For Immediate Release
Chicago, IL – January 23, 2020 – Today, Zacks Investment Ideas feature highlights Features: Tesla (TSLA - Free Report) , Apple (AAPL - Free Report) , Ford (F - Free Report) , General Motors (GM - Free Report) and Fiat Chrysler (FCAU - Free Report) .
What’s the Right Valuation Multiple for Tesla (TSLA - Free Report) ?
In May of 2018, Tesla CEO Elon Musk issued a warning to investors who were betting against the company that the “short burn of the century” was imminent.
In characteristic Musk style, he even sold a limited edition run of novelty flamethrowers meant to commemorate the short sellers getting torched.
It was a fairly audacious claim and it took almost two years to materialize, but the pain for short sellers of Tesla over the past few months has been very significant.
It's been quite a "short burn" even in the context of the previous largest short burn ever – the 2008 squeeze in shares of Volkswagen when it was revealed that rival automaker Porsche had acquired a controlling interest in more Volkswagen shares than the number available to borrow and the shorts scrambled to cover, running the share price up more than 500% almost instantly.
As we decide whether the recent price action in Tesla share is a bigger “short burn” it probably makes sense to point out that the rapid appreciation in VW shares was really an anomaly of market mechanics, while the Tesla rally is more the result of a huge amount of investor dollars pouring into the stock.
Even more remarkable is that short interest doesn’t seem to be significantly declining. In fact, even as some of the initial Tesla bears cover their losses, new shorts continue to sell the stock short, betting that the recent runup is unsustainable.

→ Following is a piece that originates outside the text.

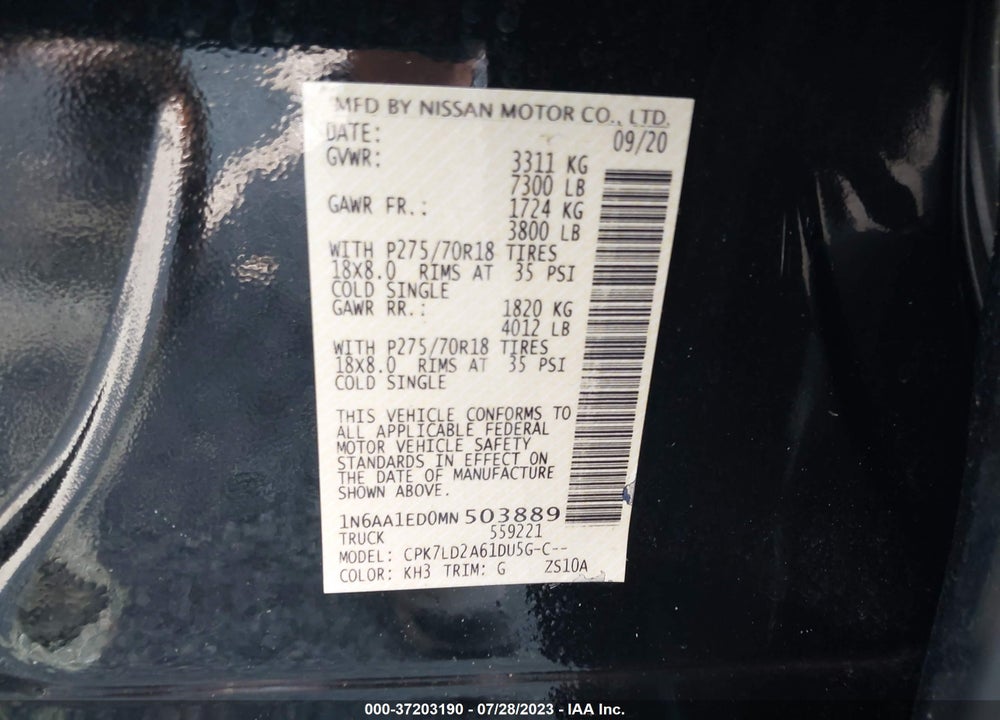 2021 NISSAN TITAN PRO-4X 4X4 VIN: 1N6AA1ED0MN503889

Short interest remains at record levels, even as Tesla shares soared through the $400 level and then right through $500 as well. As of Wednesday morning, those shares had hit a new intraday high of almost $600 and short sellers had suffered several single days in which their losses exceeded a billion dollars.
Short interest data is calculated only twice a month, but the best estimates suggest that there is now more than $14 billion committed to shorting Tesla – making it the most heavily shorted stock in the world, passing Apple, a company with almost 14 times higher market capitalization.
In a cruel twist of fate for short sellers, each new rally in Tesla shares raises the notional amount of short interest.
Is Tesla Worth $600 (or $6,000) per Share?
Less than two years ago, many analysts were speculating that Tesla’s enormous rate of cash burn would require a high-interest debt offering, a dilutive equity sale or both. The most pessimistic observers predicted that the company could end up being worth nearly zero in a fire-sale scenario.
As Tesla has proved that they are not only capable of producing positive cash flow and net profitability selling it’s innovative electric automobiles, and also that it’s on the brink of dramatically expanding manufacturing and sales in Europe and Asia, price targets have been rising rapidly – including one plausible case for the shares potentially being worth $6,000 within the next decade.
A huge lead in both EV and battery technology has the bulls convinced that Tesla could be the next Apple – selling cars around the globe the same way the Cupertino tech giant sells iPhones.
(Editor note: I’ve been a huge Tesla fan for years. It’s a great company with innovative products and an incredible story – sell a stylish and popular product that also helps to significantly reduce carbon emissions. Even I’m left scratching my head a bit at the rapid trajectory of the current rally.)
It’s the classic growth-stock conundrum. Investors are willing to pay high prices for stocks that have the potential to dramatically grow revenues and earnings over the next few years. At some point however, either the earnings have to come up or the share price has to come down to create a more reasonable price to earnings ratio. It’s just simple arithmetic.
Currently, Tesla trades at 86 times forward 12 month earnings estimates. For comparison purposes, Ford, General Motors and Fiat Chrysler all trade at a single digit multiple. That means Tesla would have to increase net earnings tenfold at the current stock price to have a typical automaker P/E multiple.
Is that possible? Of course. Prospective investors should understand however that Tesla shares are currently priced for something pretty close to perfection.